• Entries supplied:
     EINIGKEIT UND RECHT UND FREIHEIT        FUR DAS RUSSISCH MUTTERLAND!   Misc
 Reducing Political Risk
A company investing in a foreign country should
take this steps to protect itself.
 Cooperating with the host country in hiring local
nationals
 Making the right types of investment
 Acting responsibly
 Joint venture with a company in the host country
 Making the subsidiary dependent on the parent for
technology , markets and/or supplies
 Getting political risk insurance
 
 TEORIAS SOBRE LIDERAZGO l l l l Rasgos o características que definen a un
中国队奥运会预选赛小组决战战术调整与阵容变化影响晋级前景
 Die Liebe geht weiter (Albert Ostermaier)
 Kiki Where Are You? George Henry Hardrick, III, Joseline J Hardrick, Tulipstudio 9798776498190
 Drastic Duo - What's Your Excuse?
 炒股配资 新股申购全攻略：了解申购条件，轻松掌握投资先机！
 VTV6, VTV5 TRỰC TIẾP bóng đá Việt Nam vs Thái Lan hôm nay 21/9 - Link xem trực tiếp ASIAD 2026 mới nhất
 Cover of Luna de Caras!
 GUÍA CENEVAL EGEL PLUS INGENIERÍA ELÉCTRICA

--

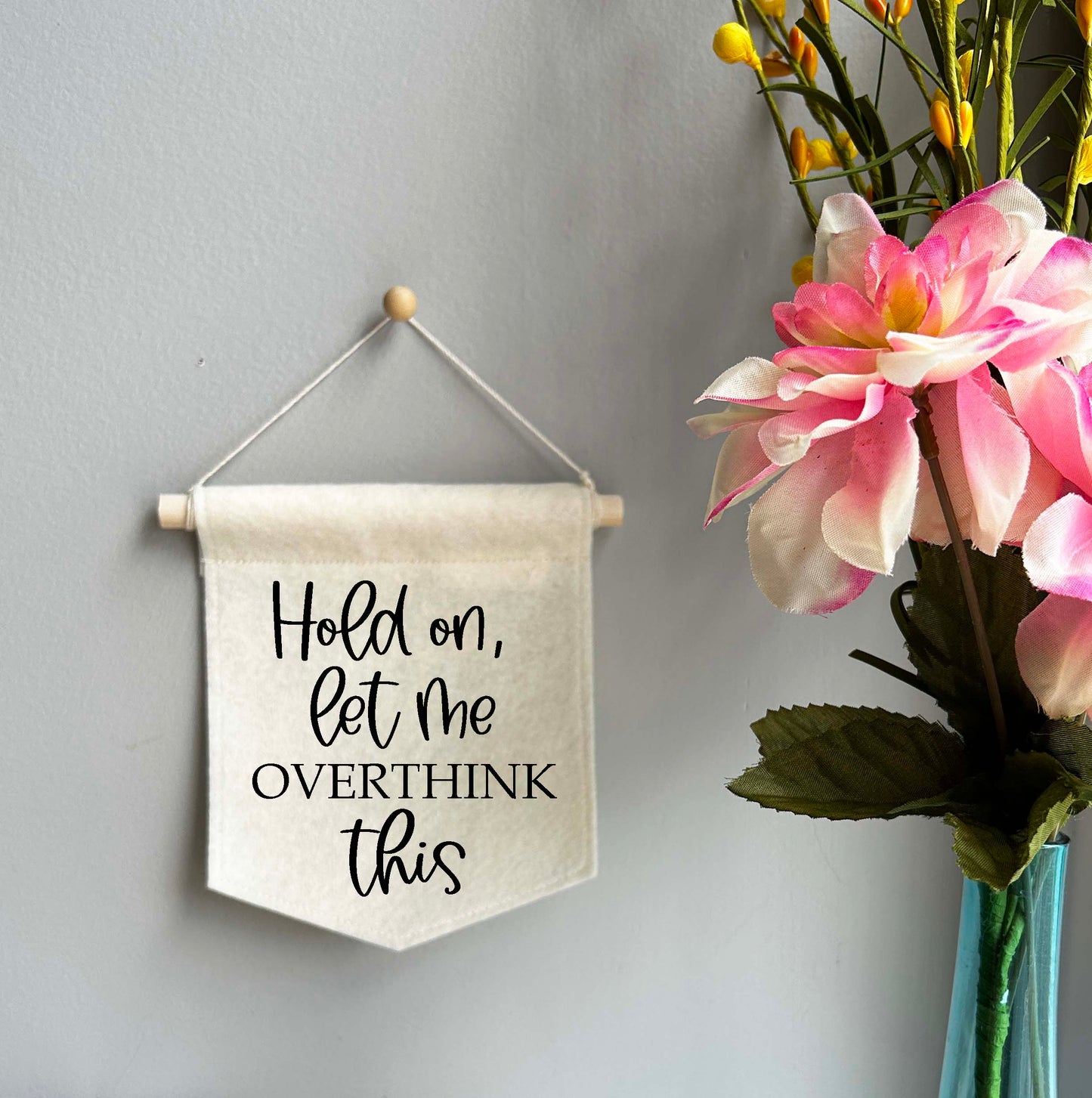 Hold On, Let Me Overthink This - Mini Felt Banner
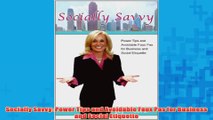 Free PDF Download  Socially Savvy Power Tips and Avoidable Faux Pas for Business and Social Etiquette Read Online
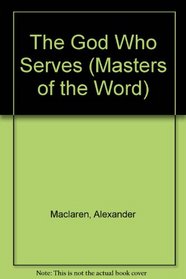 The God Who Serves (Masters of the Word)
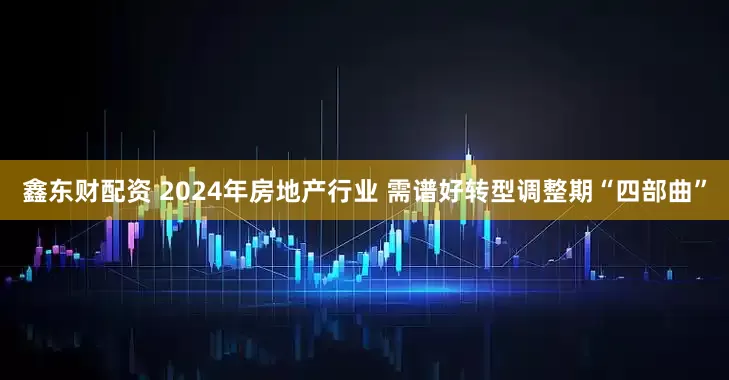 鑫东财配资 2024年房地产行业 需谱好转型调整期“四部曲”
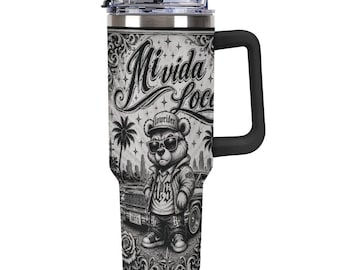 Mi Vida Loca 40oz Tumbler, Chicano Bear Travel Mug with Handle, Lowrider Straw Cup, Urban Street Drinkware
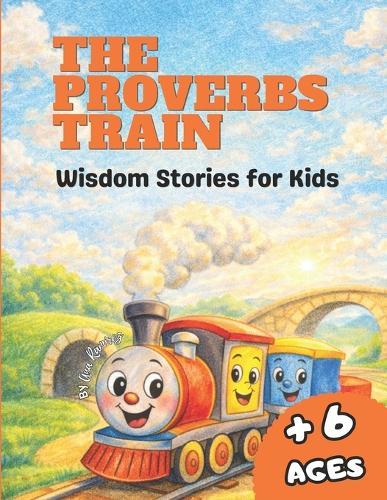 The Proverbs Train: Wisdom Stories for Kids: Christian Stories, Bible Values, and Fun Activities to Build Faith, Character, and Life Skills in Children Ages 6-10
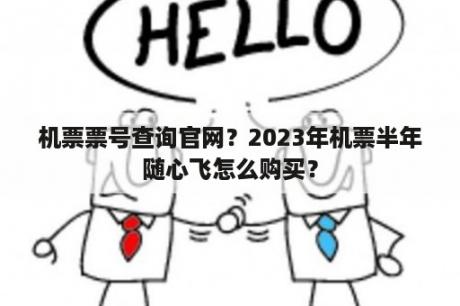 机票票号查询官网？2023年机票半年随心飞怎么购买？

--

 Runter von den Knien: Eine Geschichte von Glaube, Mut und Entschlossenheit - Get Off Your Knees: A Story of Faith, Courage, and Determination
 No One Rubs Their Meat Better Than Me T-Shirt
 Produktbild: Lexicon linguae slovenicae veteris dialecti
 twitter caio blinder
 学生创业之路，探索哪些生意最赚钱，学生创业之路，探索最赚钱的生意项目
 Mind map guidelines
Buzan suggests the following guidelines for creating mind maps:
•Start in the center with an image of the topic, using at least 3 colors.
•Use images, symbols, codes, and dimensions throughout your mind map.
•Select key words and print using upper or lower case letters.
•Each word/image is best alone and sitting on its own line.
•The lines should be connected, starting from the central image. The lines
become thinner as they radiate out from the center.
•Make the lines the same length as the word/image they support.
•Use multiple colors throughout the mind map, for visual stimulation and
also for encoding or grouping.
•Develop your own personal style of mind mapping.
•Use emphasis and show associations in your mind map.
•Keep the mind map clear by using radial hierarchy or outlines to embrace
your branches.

• Task instructions:
Could you transcribe the entries above word for word, from the line with "A company investing" down to the line with "GUÍA CENEVAL EGEL PLUS INGENIERÍA ELÉCTRICA", keeping both?

• Solution below:
A company investing in a foreign country should
take this steps to protect itself.
 Cooperating with the host country in hiring local
nationals
 Making the right types of investment
 Acting responsibly
 Joint venture with a company in the host country
 Making the subsidiary dependent on the parent for
technology , markets and/or supplies
 Getting political risk insurance
 
 TEORIAS SOBRE LIDERAZGO l l l l Rasgos o características que definen a un
中国队奥运会预选赛小组决战战术调整与阵容变化影响晋级前景
 Die Liebe geht weiter (Albert Ostermaier)
 Kiki Where Are You? George Henry Hardrick, III, Joseline J Hardrick, Tulipstudio 9798776498190
 Drastic Duo - What's Your Excuse?
 炒股配资 新股申购全攻略：了解申购条件，轻松掌握投资先机！
 VTV6, VTV5 TRỰC TIẾP bóng đá Việt Nam vs Thái Lan hôm nay 21/9 - Link xem trực tiếp ASIAD 2026 mới nhất
 Cover of Luna de Caras!
 GUÍA CENEVAL EGEL PLUS INGENIERÍA ELÉCTRICA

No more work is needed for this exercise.